EXERCISE:
Transcribe every record in full, keeping it exactly the same.

[Web page caption snippets]
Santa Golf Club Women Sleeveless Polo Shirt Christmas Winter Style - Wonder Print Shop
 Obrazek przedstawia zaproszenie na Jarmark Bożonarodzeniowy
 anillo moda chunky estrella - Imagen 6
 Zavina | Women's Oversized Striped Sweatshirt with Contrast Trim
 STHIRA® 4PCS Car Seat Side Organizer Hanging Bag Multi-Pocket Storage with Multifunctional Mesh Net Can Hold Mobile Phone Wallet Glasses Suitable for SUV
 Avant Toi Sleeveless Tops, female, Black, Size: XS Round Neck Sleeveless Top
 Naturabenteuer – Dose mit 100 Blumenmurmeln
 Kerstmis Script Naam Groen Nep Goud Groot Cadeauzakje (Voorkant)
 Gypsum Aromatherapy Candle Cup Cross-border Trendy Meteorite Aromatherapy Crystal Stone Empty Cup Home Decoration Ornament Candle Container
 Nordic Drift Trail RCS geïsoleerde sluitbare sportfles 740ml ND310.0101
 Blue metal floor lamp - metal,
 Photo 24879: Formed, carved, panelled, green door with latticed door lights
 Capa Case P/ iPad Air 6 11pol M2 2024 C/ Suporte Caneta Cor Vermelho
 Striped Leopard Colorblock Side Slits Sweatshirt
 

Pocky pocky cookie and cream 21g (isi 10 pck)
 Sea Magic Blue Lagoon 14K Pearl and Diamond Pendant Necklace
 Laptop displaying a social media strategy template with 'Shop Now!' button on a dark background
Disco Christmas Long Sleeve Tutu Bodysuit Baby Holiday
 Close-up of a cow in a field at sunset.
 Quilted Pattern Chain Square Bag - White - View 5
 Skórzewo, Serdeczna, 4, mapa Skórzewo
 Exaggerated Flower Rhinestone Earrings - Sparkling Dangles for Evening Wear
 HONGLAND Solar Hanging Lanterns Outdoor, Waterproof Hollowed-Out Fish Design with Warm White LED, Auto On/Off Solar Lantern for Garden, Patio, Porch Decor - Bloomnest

FINAL ANSWER:
Santa Golf Club Women Sleeveless Polo Shirt Christmas Winter Style - Wonder Print Shop
 Obrazek przedstawia zaproszenie na Jarmark Bożonarodzeniowy
 anillo moda chunky estrella - Imagen 6
 Zavina | Women's Oversized Striped Sweatshirt with Contrast Trim
 STHIRA® 4PCS Car Seat Side Organizer Hanging Bag Multi-Pocket Storage with Multifunctional Mesh Net Can Hold Mobile Phone Wallet Glasses Suitable for SUV
 Avant Toi Sleeveless Tops, female, Black, Size: XS Round Neck Sleeveless Top
 Naturabenteuer – Dose mit 100 Blumenmurmeln
 Kerstmis Script Naam Groen Nep Goud Groot Cadeauzakje (Voorkant)
 Gypsum Aromatherapy Candle Cup Cross-border Trendy Meteorite Aromatherapy Crystal Stone Empty Cup Home Decoration Ornament Candle Container
 Nordic Drift Trail RCS geïsoleerde sluitbare sportfles 740ml ND310.0101
 Blue metal floor lamp - metal,
 Photo 24879: Formed, carved, panelled, green door with latticed door lights
 Capa Case P/ iPad Air 6 11pol M2 2024 C/ Suporte Caneta Cor Vermelho
 Striped Leopard Colorblock Side Slits Sweatshirt
 

Pocky pocky cookie and cream 21g (isi 10 pck)
 Sea Magic Blue Lagoon 14K Pearl and Diamond Pendant Necklace
 Laptop displaying a social media strategy template with 'Shop Now!' button on a dark background
Disco Christmas Long Sleeve Tutu Bodysuit Baby Holiday
 Close-up of a cow in a field at sunset.
 Quilted Pattern Chain Square Bag - White - View 5
 Skórzewo, Serdeczna, 4, mapa Skórzewo
 Exaggerated Flower Rhinestone Earrings - Sparkling Dangles for Evening Wear
 HONGLAND Solar Hanging Lanterns Outdoor, Waterproof Hollowed-Out Fish Design with Warm White LED, Auto On/Off Solar Lantern for Garden, Patio, Porch Decor - Bloomnest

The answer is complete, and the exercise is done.